Message par prodigal » Aujourd’hui, 15:31

Cher PaxetBonum,
mon propos n'est pas de relacer le vieux débat pour ou contre la peine de mort, mais vise à essayer de comprendre les enjeux de la reformulation récemment opérée, que nous a aimablement fournie VexillumRegis.
Ce qui me semble évident pour tout le monde, c'est que la nouvelle formulation est plus nette que la précédente. Elle se prononce clairement contre la peine de mort, et même encourage les chrétiens à militer en faveur de son abolition si besoin.
Maintenant, pourquoi? Pourquoi penser cela?
Parce que l'on n'a pas le droit de vouloir du mal à autrui, fût-il un ennemi, et que tel est le message de l'Evangile. Voici qui me semble capital. Certains pensent peut-être que dans le cas de la peine de mort on ne veut aucun mal à celui que l'on tue, au prix de savantes contorsions rhétoriques, qui cependant ne sont peut-être pas totalement à jeter à la poubelle j'en conviens, mais désormais le catéchisme entend refuser ce genre de subtilités douteuses.
La nouvelle formulation insiste aussi sur la dignité humaine. J'ai fait remarquer l'héritage kantien de cette notion. Ce qui fait que tuer un homme est un crime alors que tuer un animal a priori ne l'est pas, c'est que l'homme est pourvu non seulement d'une valeur affective ou d'usage, mais aussi et surtout d'une dignité, qui résulte de sa capacité à agir moralement. Cela ne signifie pas que l'homme soit parfait, au contraire, car seul un homme capable d'agir moralement peut être un pécheur, comme nous le sommes tous. Maintenant, que se passe-t-il quand un homme pèche gravement, ou, exprimé en termes laïcs, agit indignement? Il ne perd pas sa capacité de bien faire, ou d'agir moralement, mais il est coupable et doit réparer.
Voici pourquoi, contrairement au rédacteur de la nouvelle formulation, il ne m'apparaît pas certain que l'abolition de la peine de mort aille de pair avec la reconnaissance de la dignité humaine. Kant, en tous cas, est pour sa part partisan de la peine de mort.
Mais, ce qui est certain, c'est que traiter l'être humain comme s'il n'était qu'une une chose est immoral. Je pose en hypothèse que c'est ce qui motive la nouvelle rédaction : rappeler que si criminel que soit un homme, cela ne nous donne pas le droit de nier son humanité. Même les châtiments les plus rigoureux doivent respecter la dignité de l'homme.
Je suis néanmoins d'accord avec Cinci sur cet autre problème : il m'apparaît dangereux d'exiger des chrétiens telle ou telle opinion, si défendable qu'elle soit. Et donc je n'exclue pas qu'on puisse être pour la peine de mort pour d'autres motivations que la haine. Mais peut-être que je me trompe ici, ce que semble penser le pape François, s'il est bien à l'origine de cette modification.

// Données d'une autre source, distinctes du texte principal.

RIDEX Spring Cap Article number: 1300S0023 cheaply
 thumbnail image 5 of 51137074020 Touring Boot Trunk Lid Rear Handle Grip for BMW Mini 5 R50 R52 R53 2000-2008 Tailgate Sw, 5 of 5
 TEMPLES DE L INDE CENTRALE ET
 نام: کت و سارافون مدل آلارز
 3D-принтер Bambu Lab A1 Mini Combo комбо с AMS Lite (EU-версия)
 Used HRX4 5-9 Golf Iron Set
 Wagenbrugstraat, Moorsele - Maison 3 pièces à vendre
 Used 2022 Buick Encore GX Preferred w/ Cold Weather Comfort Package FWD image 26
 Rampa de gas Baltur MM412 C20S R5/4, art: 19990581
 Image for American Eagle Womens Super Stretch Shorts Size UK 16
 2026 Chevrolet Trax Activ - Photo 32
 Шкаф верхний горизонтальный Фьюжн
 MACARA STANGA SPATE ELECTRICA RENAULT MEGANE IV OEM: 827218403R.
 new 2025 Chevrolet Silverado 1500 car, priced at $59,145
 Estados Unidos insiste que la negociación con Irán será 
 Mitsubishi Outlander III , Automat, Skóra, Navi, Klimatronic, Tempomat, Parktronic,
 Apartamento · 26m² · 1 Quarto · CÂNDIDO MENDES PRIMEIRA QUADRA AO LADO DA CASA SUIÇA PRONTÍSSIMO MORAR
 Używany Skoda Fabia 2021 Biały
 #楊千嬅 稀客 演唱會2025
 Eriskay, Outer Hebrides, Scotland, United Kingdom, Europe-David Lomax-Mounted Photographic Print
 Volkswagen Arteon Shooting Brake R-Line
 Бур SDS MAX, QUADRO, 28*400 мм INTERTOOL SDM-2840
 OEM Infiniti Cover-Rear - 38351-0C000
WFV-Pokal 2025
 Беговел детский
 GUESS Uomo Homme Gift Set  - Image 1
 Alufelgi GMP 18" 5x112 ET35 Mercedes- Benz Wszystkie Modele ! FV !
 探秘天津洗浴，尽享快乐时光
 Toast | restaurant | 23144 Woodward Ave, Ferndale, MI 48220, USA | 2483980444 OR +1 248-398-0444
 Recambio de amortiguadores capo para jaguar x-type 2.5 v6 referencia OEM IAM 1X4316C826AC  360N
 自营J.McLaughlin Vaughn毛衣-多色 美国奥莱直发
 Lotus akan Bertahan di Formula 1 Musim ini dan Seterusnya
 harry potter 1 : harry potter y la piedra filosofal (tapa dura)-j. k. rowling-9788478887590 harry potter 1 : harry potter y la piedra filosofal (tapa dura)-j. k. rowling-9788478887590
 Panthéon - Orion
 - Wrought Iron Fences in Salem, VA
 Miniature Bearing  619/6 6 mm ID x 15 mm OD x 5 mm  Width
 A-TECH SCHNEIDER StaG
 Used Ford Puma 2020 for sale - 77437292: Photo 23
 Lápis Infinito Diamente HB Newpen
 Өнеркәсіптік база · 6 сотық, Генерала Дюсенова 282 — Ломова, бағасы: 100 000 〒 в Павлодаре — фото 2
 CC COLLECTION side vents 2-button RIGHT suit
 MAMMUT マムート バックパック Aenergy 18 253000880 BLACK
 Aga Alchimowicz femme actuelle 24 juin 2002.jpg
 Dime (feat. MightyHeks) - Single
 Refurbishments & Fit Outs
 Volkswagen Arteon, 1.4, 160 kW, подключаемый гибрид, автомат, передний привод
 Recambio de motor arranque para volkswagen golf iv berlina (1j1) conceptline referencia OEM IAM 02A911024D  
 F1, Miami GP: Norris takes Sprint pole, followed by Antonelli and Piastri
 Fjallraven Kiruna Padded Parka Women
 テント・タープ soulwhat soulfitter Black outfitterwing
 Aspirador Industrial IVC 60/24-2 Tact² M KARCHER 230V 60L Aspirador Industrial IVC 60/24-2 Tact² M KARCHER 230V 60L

Re: L'Église et la peine de mort

Message par PaxetBonum » Hier, 21:32

Mais l'homme indigne ne perd pas sa dignité, pas plus, si l'on peut oser cette comparaison qui n'est pas de Kant, que l'homme adultère ne perd sa femme.
Cher Prodigal,

Vous m'avez perdu…
Pourriez-vous me faire une version pour l'idiot du village que je suis ?
(j'aurai voulu vous dire : l'homme qui assassine sa femme… la perd…)
Mais il paraît clair que le rédacteur a voulu, conformément à une pensée progressiste que l'on devine, marquer clairement que le rejet de la peine de mort correspond au refus de traiter le coupable en chose abjecte dont il est permis de se débarrasser, en quoi il a raison me semble-t-il. La peine de mort me semble vue par lui comme une forme de la vengeance avec tout l'archaïsme que cela implique.
Je ne vois pas en quoi on traite le coupable en chose.
Je pense qu'encore une fois on fait fi de la victime.
Il n'est pas question de traiter le coupable en chose, mais d'exiger réparation de ce qu'il a accompli.
Pas de vengeance, de la justice.
Si le rédacteur de cet article pense cela j'espère qu'il ne va pas s'attaquer à des articles de Foi car sinon on va pas être déçu du voyage !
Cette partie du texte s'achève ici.